Uganda is the great success story of the Third World, one which the World Bank and the International Monetary Fund (IMF) like to hold up as their model of achievement, where the politics are democratic and the economics are conservative, where the old state agencies have been privatised and the free market rules supreme, and to which – at least in theory -the wealth of the rest of the world trickles down.

As a result of its willingness to obey the nostrums of the West, Uganda is also the first African nation to have seen any of its international debt relieved under the Highly Indebted Poor Countries (HIPC) scheme, unveiled by the World Bank in 1996. Three years later, Uganda continues to spend more on repaying its old debts than on its schools and health services combined.

This is the tale of two kinds of arithmetic. The first concerns the statistics of poverty. The Ugandan government has worked assiduously with aid agencies to collect them: 88% of the population live in the bush, most eating only what they can grow; 46,6% consume less than 3 000 calories a day, the World Health Organisation’s measure of absolute poverty; 5,3% of children under four are wasted by malnutrition, and a further 38,3% are stunted.

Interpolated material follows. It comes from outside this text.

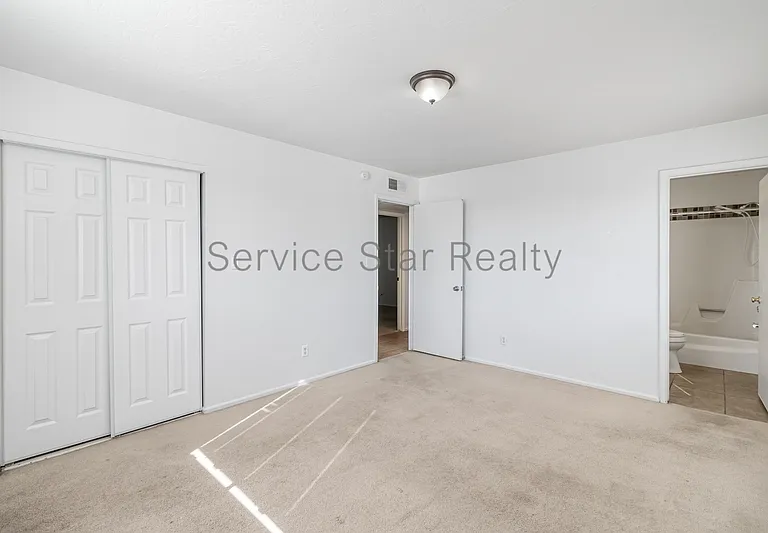 1158 W Hillview St — Photo 19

In the village of Wantai, 15 women describe their lives. They talk about poverty, famine and the shortage of water. They say their greatest dream is to educate their children. Their greatest worry is illness. In both cases their enemy is the shortage of cash.

Official surveys found that 44% of Ugandans were unable to afford health care the last time they were ill. From every 1 000 babies, 97 die at birth and another 147 die before the age of five. About 10% of the population is HIV-positive.

The second kind of arithmetic concerns the economy. When Yoweri Museveni led the guerrillas of his National Resistance Movement to victory in 1986, he inherited a country in shambles – terrorised by Idi Amin, plundered by Milton Obote’s government and wrecked by the civil war that followed.

After 12 months in power, he turned to the World Bank and the IMF for help. He adopted their policies and borrowed their money. By 1995 he had cut inflation to 6,1%, and the gross domestic product was rising by up to 10% each year. With added interest, he owed $3,39-billion.

When HIPC was unveiled, Ugandan officials were ecstatic. They were told that since they had already adopted the required policies and made the approved reforms they would receive their relief by April 1997. It didn’t happen. The World Bank’s shareholders – particularly the governments of the United States, Japan and Germany – threw up obstacles and queried figures. Emmanuel Tumusiime-Mutebile, permanent secretary at the Ministry of Finance, watched in alarm: “They were haggling among themselves about the size and the nature of the relief. They said they wanted to help but they couldn’t afford it.”

The relief arrived a year late. During that year Uganda’s reviving economy had boosted its exports, and since HIPC chose exports as the means of deciding how much relief should be allowed, their benefit to Uganda plummeted by $238-million to $30-million a year. Uganda had previously secured grants from other countries worth $40-million a year to help pay its debt. With HIPC’s arrival these grants stopped. The net effect of the World Bank’s brave new initiative was that Uganda was worse off by about $10-million a year.

Faced with this embarrassing outcome, the bank agreed to “front load” the relief so that it was higher for the first five years. This lifted the annual relief temporarily to a little more than $40-million for each of those years. Uganda was still left to pay a further $120-million a year.

Uganda has continued to play the game. Every cent saved in debt relief has been diverted into a poverty action fund, to which it has added new funds. The government is trying to cut the number of people in poverty by 50% before 2015; it aims to build 26 000 new classrooms; by 2002 it wants no more than two children to share each text book. But the reality of market-led economics is the same in Uganda as it has been in the West: the new wealth has favoured the better-off, while the poorest 20% have become poorer.

Last month the finance minister wrote to his opposite number in each of the G7 countries to advise them that unless the scheme is overhauled their latest claim to be cutting Third World debt is too little and too slow.